- The Washington Times - Monday, January 4, 2016

Abuse of prescription drugs in the NFL has prompted a group of former professional football athletes to urge the league to roll back its ban on marijuana.

Former Denver Broncos tight end Nate Jackson hasn’t played professional football since 2009, but told The Guardian recently that he believes at least half of all active NFL athletes are using marijuana, either recreationally or with a doctor’s approval, in order to treat the inevitable aches and pains caused by routine collisions and tackles.

“There’s no safe way to get hit by a truck,” Mr. Jackson, 36, told The Guardian ahead of an article published on Sunday.

A 2011 study undertaken by researchers at Washington University in St Louis concluded that former pro-football players are four-times as likely to abuse prescription painkillers as the general public, and Kyle Turley, an offensive tackle who spent nearly a decade in the NFL, told The Guardian that he believes as many as 90 percent of former professional footballers have developed drug abuse problems after hanging up the towel.

Mr. Turley, 40, created the Gridiron Cannabis Coalition in 2015, and together with the ex-Bronco tight end, the two have a formed a team of their own intent on taking on the NFL’s pot prohibition in hopes of giving actives player a league-sanctioned alternative to addiction-forming painkillers like Hydrocodone, Vicodin and Percocet.

“I feel like I can speak about this because I’ve tried everything,” Mr. Jackson told the newspaper. “I’ve shot up HGH [human growth hormone], done the injections, tried the pills, tried marijuana. It’s not that I’m this big marijuana guy, it just helped my body the most.”

“Players need medication, like it or not, to go back on the field every week,” he added. “Marijuana’s already keeping the game afloat. Roughly half of those guys are already using it every week. They have to keep it a secret, though. If they get caught they get fined or suspended. It’s a really uncompassionate stance to take.”

For professional athletes caught toking up, the results can be devastating. While 20 of the NFL’s 32 teams play in states where doctors can prescribe marijuana to patients for medicinal purposes, the league maintains a prohibition on pot, cocaine, opiates and opioids. However, once a player passes a pre-season test for THC, the active compound in cannabis, Mr. Jackson said an athlete is in the clear.

“As long as you pass that test, you can medicate all year with marijuana,” Mr. Jackson said.

Those who fail the pre-season drug test aren’t as lucky, he added. “For guys who fail the marijuana test and are in the substance abuse program, they’re getting tested three to four times a week and can’t medicate with marijuana,” he said, “so many turn to alcohol instead.”

Yet while the NFL’s ban on marijuana remains in tact, the league has increased the threshold with respect to the level of THC that can be discovered in a player’s bloodstream before disciplinary action can be taken; on a collegiate level, a recent Associated Press investigation determined that at least one-third of the NCAA Power Five conference schools no longer punish athletes as harshly as they did a decade ago for using recreational drugs.
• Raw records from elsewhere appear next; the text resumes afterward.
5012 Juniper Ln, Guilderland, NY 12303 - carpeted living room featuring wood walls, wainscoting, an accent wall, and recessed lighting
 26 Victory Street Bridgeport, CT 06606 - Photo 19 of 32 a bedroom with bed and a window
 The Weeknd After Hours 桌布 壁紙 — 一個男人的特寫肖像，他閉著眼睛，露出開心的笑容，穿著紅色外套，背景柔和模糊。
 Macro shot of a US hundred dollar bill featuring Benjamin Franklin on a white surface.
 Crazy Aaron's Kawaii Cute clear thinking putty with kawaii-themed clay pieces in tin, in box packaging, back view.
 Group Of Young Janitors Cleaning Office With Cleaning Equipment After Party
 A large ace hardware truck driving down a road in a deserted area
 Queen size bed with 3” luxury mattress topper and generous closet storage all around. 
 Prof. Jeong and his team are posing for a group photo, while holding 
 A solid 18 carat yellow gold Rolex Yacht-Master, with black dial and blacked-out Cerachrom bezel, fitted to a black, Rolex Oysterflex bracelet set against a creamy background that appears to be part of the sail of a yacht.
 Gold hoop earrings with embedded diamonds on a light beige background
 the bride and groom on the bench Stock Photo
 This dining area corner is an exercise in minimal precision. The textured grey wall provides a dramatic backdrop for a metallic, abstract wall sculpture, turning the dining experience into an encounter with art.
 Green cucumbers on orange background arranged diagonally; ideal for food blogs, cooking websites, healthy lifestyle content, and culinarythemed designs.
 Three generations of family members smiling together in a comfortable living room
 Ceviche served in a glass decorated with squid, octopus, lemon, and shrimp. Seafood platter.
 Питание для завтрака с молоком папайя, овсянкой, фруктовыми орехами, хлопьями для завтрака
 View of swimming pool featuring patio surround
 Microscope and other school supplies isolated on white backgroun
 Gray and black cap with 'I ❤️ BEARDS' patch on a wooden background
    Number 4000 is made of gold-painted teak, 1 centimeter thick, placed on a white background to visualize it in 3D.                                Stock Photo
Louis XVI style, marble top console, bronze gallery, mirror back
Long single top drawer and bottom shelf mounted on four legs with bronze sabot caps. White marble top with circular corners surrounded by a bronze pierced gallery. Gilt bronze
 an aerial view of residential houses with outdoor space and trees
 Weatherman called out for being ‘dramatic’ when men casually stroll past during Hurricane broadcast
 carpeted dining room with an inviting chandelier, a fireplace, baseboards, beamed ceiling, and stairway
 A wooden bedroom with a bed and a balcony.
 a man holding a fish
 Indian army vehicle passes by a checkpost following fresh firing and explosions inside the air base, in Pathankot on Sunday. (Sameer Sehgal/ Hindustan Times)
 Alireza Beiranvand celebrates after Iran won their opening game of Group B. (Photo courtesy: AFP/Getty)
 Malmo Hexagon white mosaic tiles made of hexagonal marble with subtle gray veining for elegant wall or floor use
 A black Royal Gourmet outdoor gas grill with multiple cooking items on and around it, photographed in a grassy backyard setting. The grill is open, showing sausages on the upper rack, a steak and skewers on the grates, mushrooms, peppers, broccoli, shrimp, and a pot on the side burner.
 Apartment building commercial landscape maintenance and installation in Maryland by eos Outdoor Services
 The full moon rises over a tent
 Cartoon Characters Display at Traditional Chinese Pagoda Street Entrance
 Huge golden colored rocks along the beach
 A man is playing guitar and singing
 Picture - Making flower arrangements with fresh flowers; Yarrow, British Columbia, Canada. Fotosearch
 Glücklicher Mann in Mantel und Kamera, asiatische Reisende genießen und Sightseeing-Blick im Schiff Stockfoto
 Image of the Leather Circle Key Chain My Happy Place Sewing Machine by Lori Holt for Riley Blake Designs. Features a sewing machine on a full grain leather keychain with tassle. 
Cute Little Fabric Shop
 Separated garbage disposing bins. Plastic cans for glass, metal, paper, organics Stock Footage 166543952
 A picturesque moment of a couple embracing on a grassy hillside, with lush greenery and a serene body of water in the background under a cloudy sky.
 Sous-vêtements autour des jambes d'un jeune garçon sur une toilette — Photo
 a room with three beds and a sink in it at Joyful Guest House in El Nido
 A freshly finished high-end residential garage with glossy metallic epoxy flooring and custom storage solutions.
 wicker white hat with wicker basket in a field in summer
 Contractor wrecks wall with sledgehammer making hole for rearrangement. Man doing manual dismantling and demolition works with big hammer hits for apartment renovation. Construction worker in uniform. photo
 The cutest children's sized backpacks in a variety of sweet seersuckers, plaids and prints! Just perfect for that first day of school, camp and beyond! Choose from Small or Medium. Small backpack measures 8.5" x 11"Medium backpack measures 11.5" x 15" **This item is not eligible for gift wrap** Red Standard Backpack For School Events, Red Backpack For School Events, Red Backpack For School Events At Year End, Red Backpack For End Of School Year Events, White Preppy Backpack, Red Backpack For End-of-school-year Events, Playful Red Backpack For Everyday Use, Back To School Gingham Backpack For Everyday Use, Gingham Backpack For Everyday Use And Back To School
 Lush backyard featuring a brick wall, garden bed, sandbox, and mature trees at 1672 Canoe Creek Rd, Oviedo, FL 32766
Nevertheless, the retired NFL players behind the Gridiron Cannabis Coalition told the Guardian that their attempt to rein in the league’s pot prohibition once and for all have so far fallen on deaf ears.

“They’re just giving lip service like they were on concussions,” said Mr. Turley.

As the GCC aims to reform marijuana rules, however, the painkiller problem witnessed by both former ballplayers could cause the league to soon make adjustments elsewhere. Roughly 1,300 retired pro-athletes filed a lawsuit against the NFL last year alleging the league had illegally pushed dangerous painkillers on injured players to get them back on the field.